In diplomacy, a warm hug is no substitute for realpolitik
Fortunately, Modi's romance with the Israeli leader did not lead to any change in India's stand on the Palestinian question.
I did not follow protocol. I am a simple man with no baggage. I made friends the world over ...” Thus spoke India’s Prime Minister Narendra Modi, master of the diplomatic hug fest, in a recent TV interview where he expatiated on what constitutes India’s foreign policy, or at least his understanding of it.
“Every time I stand beside world leaders such as Vladimir Putin or Donald Trump, all I remember is that I am the representative of 1.15 crore citizens. They have given me the mandate to be there. Before 2014, the world didn’t care about what India had to say. But after we came to power in 2014, the situation changed completely. For the first time in 30 years, India has a government with a full majority. This was noticed by the entire world. I witnessed it during the Saarc and G-20 meet. They accept us as a leader now.”
Was that disingenuous or political hubris?

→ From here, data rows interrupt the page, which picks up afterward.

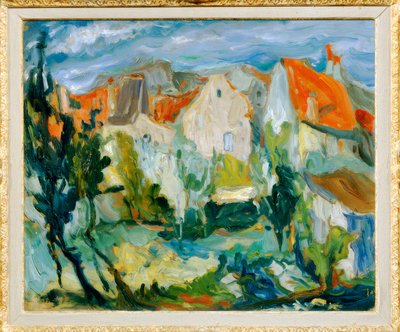 Paisaje en Cagnes de Chaim Soutine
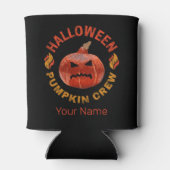 ハロウィンカボチャ顔レトロ衣装サンクスギビング 缶クーラー (裏面)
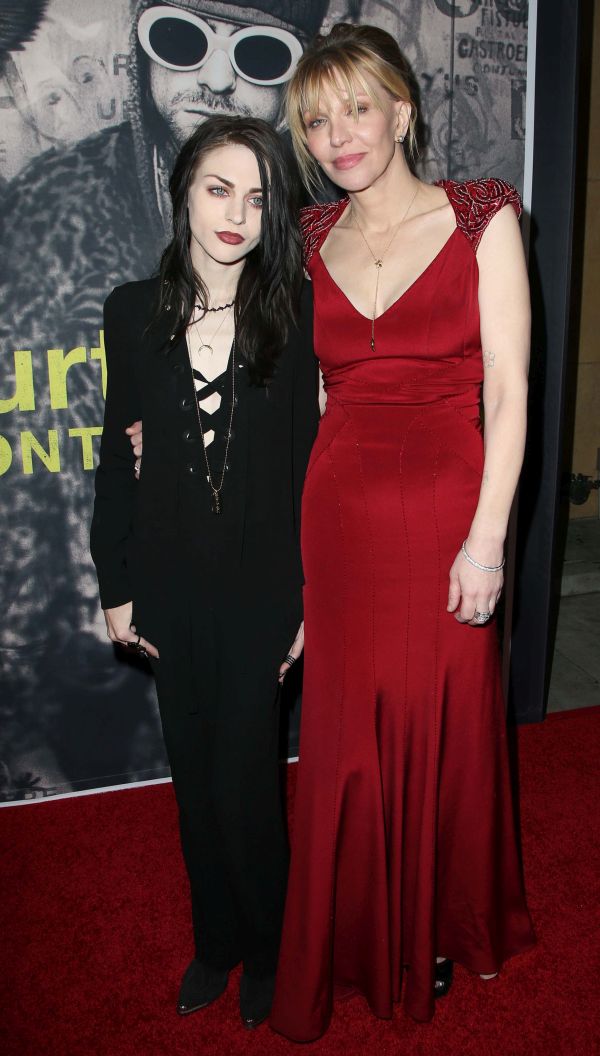 Frances Bean Cobain and Courtney Love attend the Los Angeles premiere of HBO Documentary Films 'Kurt Cobain: Montage Of Heck'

With most of the neighbouring states even more hostile to India than they have traditionally been, India’s leadership even in its limited area of influence is under challenge. India’s domineering attitude and interference in their internal affairs, most markedly in the case of Nepal, has pushed them into China’s arms, leaving Mr Modi’s “neighbourhood first” policy in tatters. Maldives is the latest to thumb its nose at Delhi by signing a comprehensive free trade agreement with Beijing. Saarc has not met after the 2016 summit was torpedoed in the wake of the terrorist attack on Uri.
The neighbourhood was meant to be the centrepiece of the so-called Modi doctrine and initially it did appear that the BJP would be able to assuage the wounds inflicted by previous Congress governments.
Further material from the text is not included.